Procedures of methoden

  • Brückner-test - transilluminatie-test volgens Brückner De Brückner-test bestaat uit inspectie van het oog in doorvallend licht. Als het oog scheel is, zelfs met een kleine hoekafwijking van één oog, zal de kleur in het doorgelaten licht anders zijn dan aan de andere kant, dit effect wordt goed waargenomen, bijvoorbeeld rode ogen op flitsfoto's.
  • Pupillomotorische en oculomotorische controle Controleer de pupilreflex wanneer de lichtomstandigheden veranderen en controleer de beweeglijkheid van de ogen.
  • Skiascopische meting Bepaling van de refractie, dat wil zeggen het brekingsvermogen van het oog.
  • Fixatietest op de fundus Met behulp van een elektrische oftalmoscoop wordt een klein voorwerp, bijv. Een sterfiguur, op de achterkant van het oog (fundus). Er wordt nu gekeken of de patiënt de ster met het oog centraal op de fundus kan fixeren en na een shift kan volgen. Externe (niet-centrale) fixatie kan strabismus (strabismus) zijn.
  • Morfologisch overzicht Algemeen overzicht van de voorwaarde van het oog.
  • Bepaling van de gezichtsscherpte Bepaling van de gezichtsscherpte met aan de leeftijd aangepaste visuele tekens en aanvullende tests met tekenen van beperkt zicht, die bijzonder geschikt zijn voor de diagnose van ambylopie.

Therapie

Therapiedoelen [S2e richtlijn]:

  • Het bereiken van de best mogelijke individuele visie.
  • Verbetering van binoculair zicht (binoculair).
  • Vermindering van het risico van blindheid van het niet-amblyopische partneroog.

Therapie aanbevelingen

  • Volledig of gedeeltelijk afsluiting (maskeren van het geleidingsoog met bijvoorbeeld een kindvriendelijke gips).
  • Bestraffing (verlaging van de gezichtsscherpte van het betere oog door een speciale lens en / of oogdruppels).
  • Atropinisatie (accommodatie verlamming van het gezonde oog door atropine druppels).
  • Verwijderen van visuele obstakels, zoals staar (staar).
  • Correctie van refractieve anomalieën (refractieafwijkingen) met bril or contactlenzen.

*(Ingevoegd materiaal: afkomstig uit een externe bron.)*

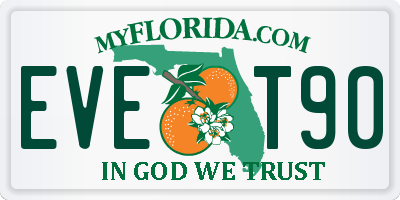 FL license plate EVET90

Opmerking: amblyopie therapie moet zo vroeg mogelijk beginnen, omdat de prognose dan zeer goed is. Het starten van de behandeling voor het einde van het zevende levensjaar leidt tot een significant hogere toename van de gezichtsscherpte (tot gemiddeld vier niveaus van gezichtsscherpte) dan therapie begon daarna (tot gemiddeld twee gezichtsscherpte-niveaus).

Voordelen

Met de bovenstaande preventieve maatregelen is het nu mogelijk om langdurige invaliditeit of zelfs verlies van gezichtsvermogen of gezichtsvermogen te voorkomen. Zorgen voor het vermogen van de ogen om te lezen, en dus het vermogen om met opleiding en beroep om te gaan, is een van de belangrijkste zorgen van vroege amblyopie-detectie.